Recently Google open-source version of the Web page data visualization tool Embedding Projector, the project as part of Tensorflow, high-dimensional data can be visual display and analysis. The following is the Lei Feng network (public: Lei Feng network) compiled compiled Google Research Institute content, without permission shall not be reproduced.
Recent machine learning industry can be described as fruitful, from image recognition, language translation and then to medical diagnosis, can be described as eye-opener. With the widespread use of machine learning, exploring how models understand data is becoming increasingly important, but data are usually expressed in hundreds of thousands of dimensions, so we need a specialized tool to explore, This data is high-dimensional.
In order to make it more intuitive to study the data, we open up our own web page version of the data visualization tool Embedding Projector, this visualization tool is part of TensorFlow, can be used for high-dimensional data visualization and analysis, in addition to a Single version, this version does not need to install TensorFlow, can be run directly, we can go to projector.tensorflow.org download.
Usually we need to train the data is not directly as a machine learning algorithm input, we should these data (such as: words, sound, video and other data) expressed as a machine can understand (processed) data form.
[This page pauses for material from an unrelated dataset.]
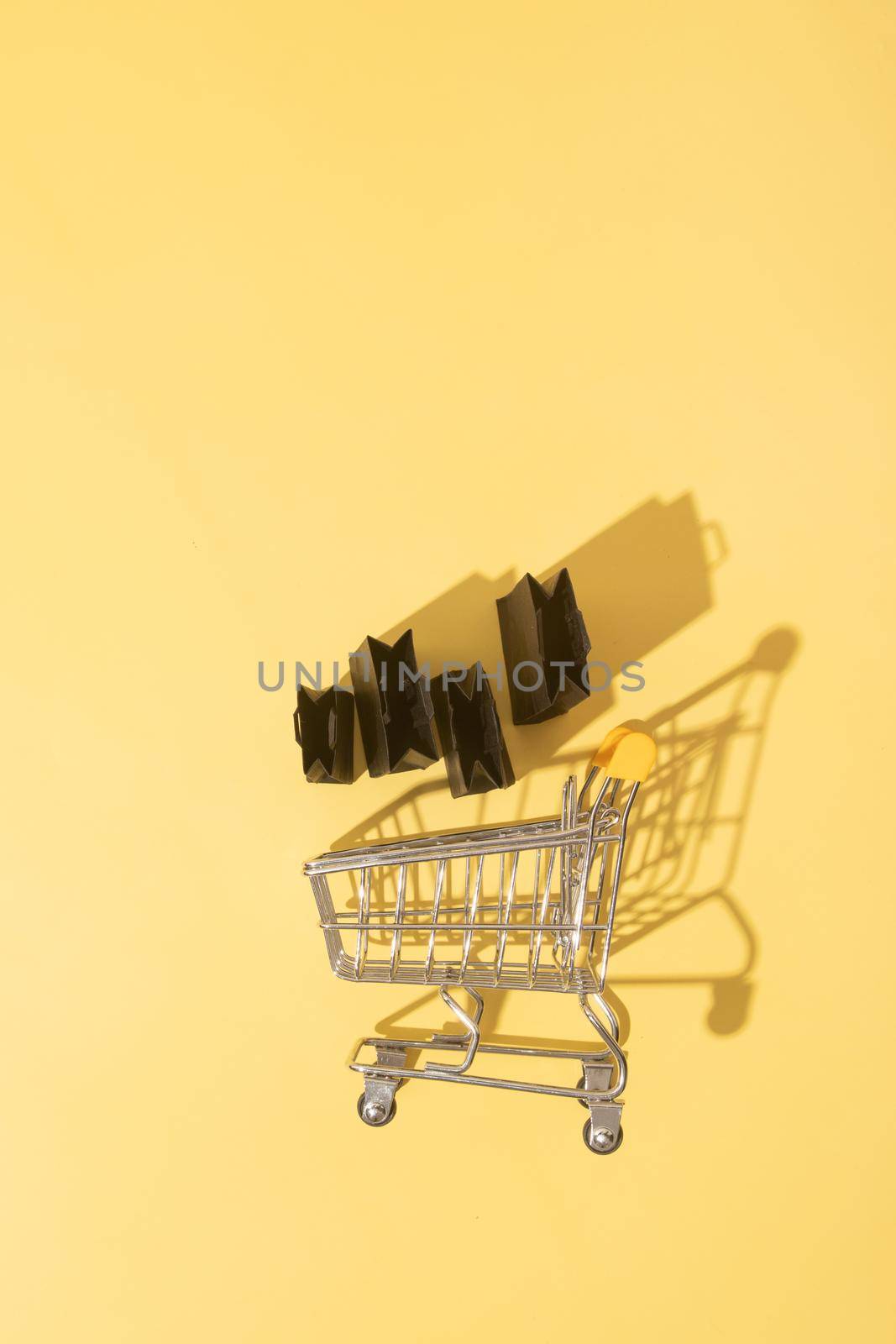 Flat lay miniature supermarket cart with shopping bags in black friday sale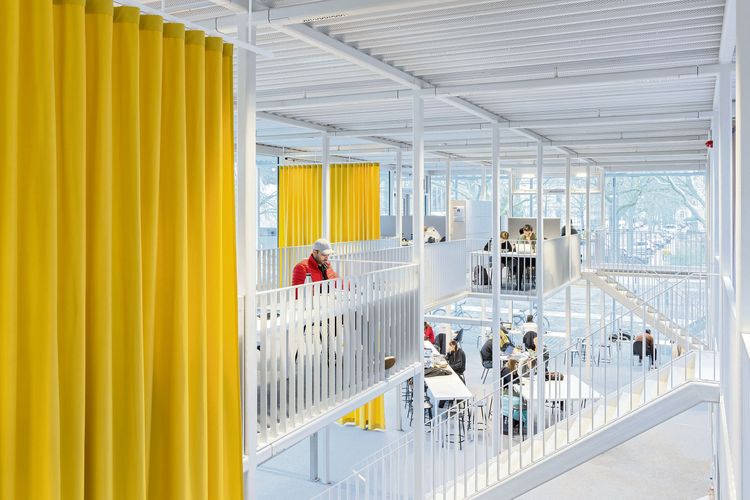 Das Gebäude von innen: Decken, Böden, Handläufe und Geländer - alles ist weiß, dazwischen hängen zwei gelbe Vorhänge; auf zwei Etagen sind Studierende beim Lernen zu sehen; dahinter eine große Glasfront, die einen Blick ins Grüne freigibt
We use the embedded method, that is, the data represented as a vector, the vector contains all aspects of data information. For example, in natural language, two similar words are mapped to two different points in the same vector space, but the positions of the two points should be similar.
Embedding Projector This tool is very simple to use, it can achieve the data display of 2D or 3D effects. Click the mouse, you can achieve the data rotation, zoom. We follow the word2vec tutorial in TensorFlow training on a number of word vector, the word vector through our tools for visual display, click on any point in the graph (that word vector point), then calculated by this algorithm, and the word semantics Related words and their vector space will be listed out. It provides us with a very important method of exploring the performance of the algorithm. The following figure shows the semantic similarity of the word "important" in the vector space
Dimensionality reduction method
The Embedding Projector provides three common methods for data dimensionality reduction, which can make complex data visualization simpler. Specifically for the following three: PCA ,, t-SNE, custom linear projections. PCA is used to explore the internal structure of data and discover the important dimension information of the data. The t-SNE is used to explore the surrounding information of the data and to determine which surrounding data belong to the same cluster effect (clustering effect) to ensure the vector retains the meaning information of the data. (In generating a model, unified data, the formal and informal tones have different meanings, and adding these factors can improve the adaptability of the machine learning model).
The following figure is a 35K e-mail on the commonly used phrase data set, using the method of custom linear projection approach and & lsquo; See attachments & rsquo; adjacent 100 points
There are also some datasets on the Embedding Projector website. You can go to the website and try out our visualization software. If you want to expose your training results, it is very simple. You only need to click on the software "Publish" Button, you can achieve the sharing of training results. We hope Embedding Projector in machine learning applications, the R & D personnel help, but also want to help you better understand the machine learning algorithm is how to interpret the data. If you want to know more details, please seeHere.